Lithuania's harmonised inflation is running near 5% while Germany's sits below 3% — under the exact same central bank. The gap is structural, and it is the clearest illustration of the euro's "one size fits none" problem.

euroflation · 23 de junho de 2026 · 6 min

The euro area has one monetary policy. On 17 June 2026 the European Central Bank set its deposit facility rate at 2.25% for everyone — Lithuanian, German, and Maltese savers alike. Yet that single rate lands on twenty very different economies. As of May 2026, harmonised inflation (HICP) ran at 5.1% in Lithuania and 2.7% in Germany — a 2.4-percentage-point gap, under identical interest rates.

This is not noise. The Baltic states have spent most of the past four years among the highest-inflation members of the bloc. The reasons are structural, and worth understanding, because they explain why a rate cut that feels overdue in Frankfurt can feel premature in Vilnius.

It starts with the shopping basket

HICP is a weighted average of prices. The weights are not the same in every country — they reflect what households there actually spend on. And the Baltic basket is tilted toward exactly the categories that have been most volatile.

HICP component (May 2026, annual rate)LithuaniaGermany
All-items (headline)5.1%2.7%
Energy22.2%
Services6.3%
Core (excl. energy & food)3.4%

Energy is the swing factor. Lithuanian energy prices were up more than 20% year-on-year, and energy carries a larger share of the Baltic basket than it does in wealthier western economies. Food — also heavily weighted in lower-income countries, where it eats a bigger slice of the household budget — amplifies the same effect. When global energy and food prices move, the Baltics move more.

Then there is catch-up growth

The second force is slower and more permanent: convergence. The Baltic economies are still catching up to western European income levels, and catch-up economies structurally run hotter inflation. As productivity rises in the traded-goods sector, wages rise across the whole economy — including in services, where productivity gains are harder to come by. The result is faster services inflation (Lithuania's was 6.3%) and a real exchange rate that appreciates through prices rather than through a currency, because there is no separate currency to appreciate.

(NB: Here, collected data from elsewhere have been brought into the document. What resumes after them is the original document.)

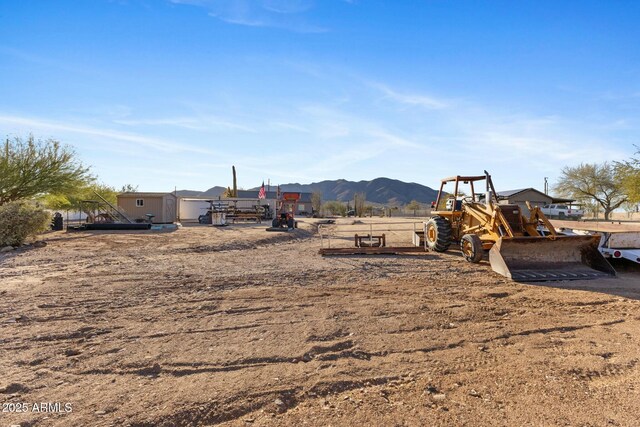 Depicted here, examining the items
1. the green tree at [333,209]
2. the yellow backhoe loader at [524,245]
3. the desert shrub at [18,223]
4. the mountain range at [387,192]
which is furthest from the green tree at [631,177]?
the mountain range at [387,192]

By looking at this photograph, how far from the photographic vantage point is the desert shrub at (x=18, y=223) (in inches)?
569

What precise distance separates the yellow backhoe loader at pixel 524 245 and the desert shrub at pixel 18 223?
16170 millimetres

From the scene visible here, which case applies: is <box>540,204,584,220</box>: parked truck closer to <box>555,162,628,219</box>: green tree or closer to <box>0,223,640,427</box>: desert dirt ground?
<box>555,162,628,219</box>: green tree

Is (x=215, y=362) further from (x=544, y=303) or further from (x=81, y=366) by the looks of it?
(x=544, y=303)

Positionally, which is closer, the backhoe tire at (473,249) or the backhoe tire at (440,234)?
the backhoe tire at (473,249)

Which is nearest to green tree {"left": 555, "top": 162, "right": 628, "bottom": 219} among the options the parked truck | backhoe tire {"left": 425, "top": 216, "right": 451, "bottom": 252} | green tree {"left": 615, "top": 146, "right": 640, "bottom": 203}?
the parked truck

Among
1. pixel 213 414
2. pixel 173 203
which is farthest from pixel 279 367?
pixel 173 203

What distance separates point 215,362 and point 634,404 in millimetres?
3695

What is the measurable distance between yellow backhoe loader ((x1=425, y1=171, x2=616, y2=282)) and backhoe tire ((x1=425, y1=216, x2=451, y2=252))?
0.74 metres

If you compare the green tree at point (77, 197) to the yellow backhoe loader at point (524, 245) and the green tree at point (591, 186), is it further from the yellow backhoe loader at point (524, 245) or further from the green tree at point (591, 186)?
the green tree at point (591, 186)

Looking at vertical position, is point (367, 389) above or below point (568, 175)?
below

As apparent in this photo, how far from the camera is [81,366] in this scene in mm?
3814

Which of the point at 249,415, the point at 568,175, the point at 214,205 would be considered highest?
the point at 568,175

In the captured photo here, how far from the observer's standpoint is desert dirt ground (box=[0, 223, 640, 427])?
3.02 metres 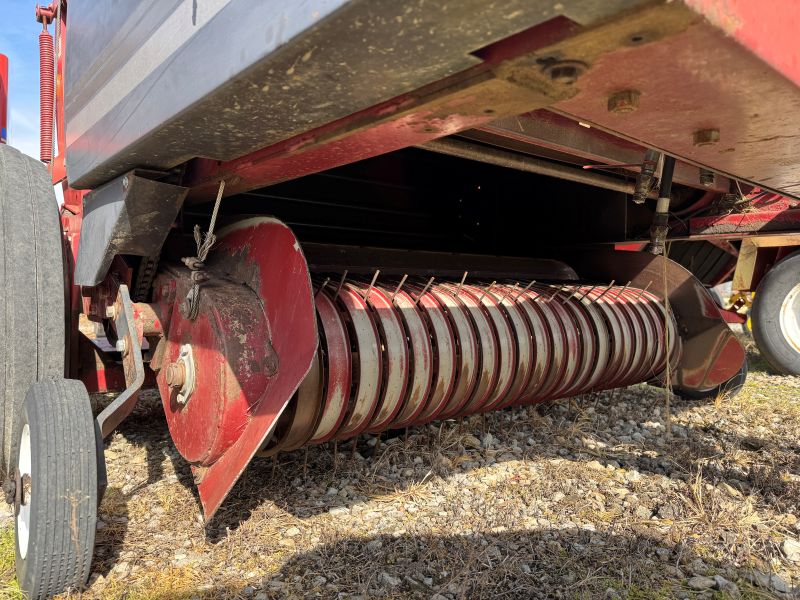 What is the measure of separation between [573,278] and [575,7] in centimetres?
271

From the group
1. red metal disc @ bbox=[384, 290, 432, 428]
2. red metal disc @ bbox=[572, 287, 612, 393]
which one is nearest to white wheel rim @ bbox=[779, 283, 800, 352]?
red metal disc @ bbox=[572, 287, 612, 393]

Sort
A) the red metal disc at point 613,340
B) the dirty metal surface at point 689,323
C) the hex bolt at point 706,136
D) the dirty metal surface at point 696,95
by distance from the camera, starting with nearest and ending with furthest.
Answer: the dirty metal surface at point 696,95, the hex bolt at point 706,136, the red metal disc at point 613,340, the dirty metal surface at point 689,323

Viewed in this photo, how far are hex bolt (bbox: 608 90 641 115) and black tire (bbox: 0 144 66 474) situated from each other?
1.67 metres

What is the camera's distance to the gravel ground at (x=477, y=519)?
149 cm

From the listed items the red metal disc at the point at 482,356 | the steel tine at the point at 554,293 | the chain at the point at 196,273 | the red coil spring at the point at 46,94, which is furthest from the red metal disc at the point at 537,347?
the red coil spring at the point at 46,94

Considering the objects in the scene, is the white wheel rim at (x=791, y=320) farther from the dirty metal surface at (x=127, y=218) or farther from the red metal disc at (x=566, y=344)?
the dirty metal surface at (x=127, y=218)

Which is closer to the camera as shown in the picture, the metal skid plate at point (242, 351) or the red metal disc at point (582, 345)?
the metal skid plate at point (242, 351)

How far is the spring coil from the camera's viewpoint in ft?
5.90

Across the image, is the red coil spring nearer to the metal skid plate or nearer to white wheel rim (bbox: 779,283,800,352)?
the metal skid plate

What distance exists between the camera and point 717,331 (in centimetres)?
286

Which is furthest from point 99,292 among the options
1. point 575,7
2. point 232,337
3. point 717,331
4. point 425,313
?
point 717,331

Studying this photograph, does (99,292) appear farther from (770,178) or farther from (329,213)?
(770,178)

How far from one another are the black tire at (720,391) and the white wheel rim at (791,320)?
2.51ft

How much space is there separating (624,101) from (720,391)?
9.11 feet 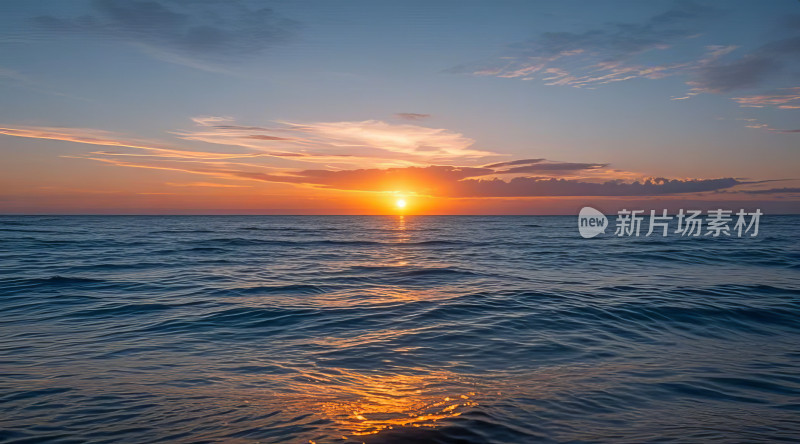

Economists call this the Balassa–Samuelson effect. In plain terms: a country growing its way up the income ladder will tend to have higher inflation than a mature economy, and that is mostly healthy. It only becomes a problem when you cannot set your own interest rate to manage it.

Which is the whole point

Before 2015, Lithuania had the litas and its own central bank. Today it has neither — monetary policy is made in Frankfurt for the euro area as a whole, and the Bank of Lithuania's governor is one vote of many on the Governing Council. When Baltic inflation surged past 20% in 2022, there was no Lithuanian interest rate to raise in response. The ECB sets policy for the average, and the average is dominated by the large western economies.

So a single policy rate is, almost by construction, too loose for the hottest members and too tight for the coolest. That is the trade-off every member accepted when they joined: you give up an independent monetary policy in exchange for a stable, shared currency and deep integration with your largest trading partners. For small, open, trade-dependent economies, that has generally been judged a good deal — but the inflation differential is the visible, recurring cost.

What to watch

The differential narrows when energy stabilises and widens when it spikes, so the Baltic figures are an early read on where euro-area inflation pressure is coming from. Two things are worth tracking:

  • The components, not just the headline. A Baltic headline driven by energy fades quickly; one driven by services and wages is stickier and matters more for the ECB.
  • The gap to the euro-area average. With the bloc at 3.2% and Lithuania at 5.1%, the spread itself is the signal — it is the residual of one monetary policy meeting twenty non-identical economies.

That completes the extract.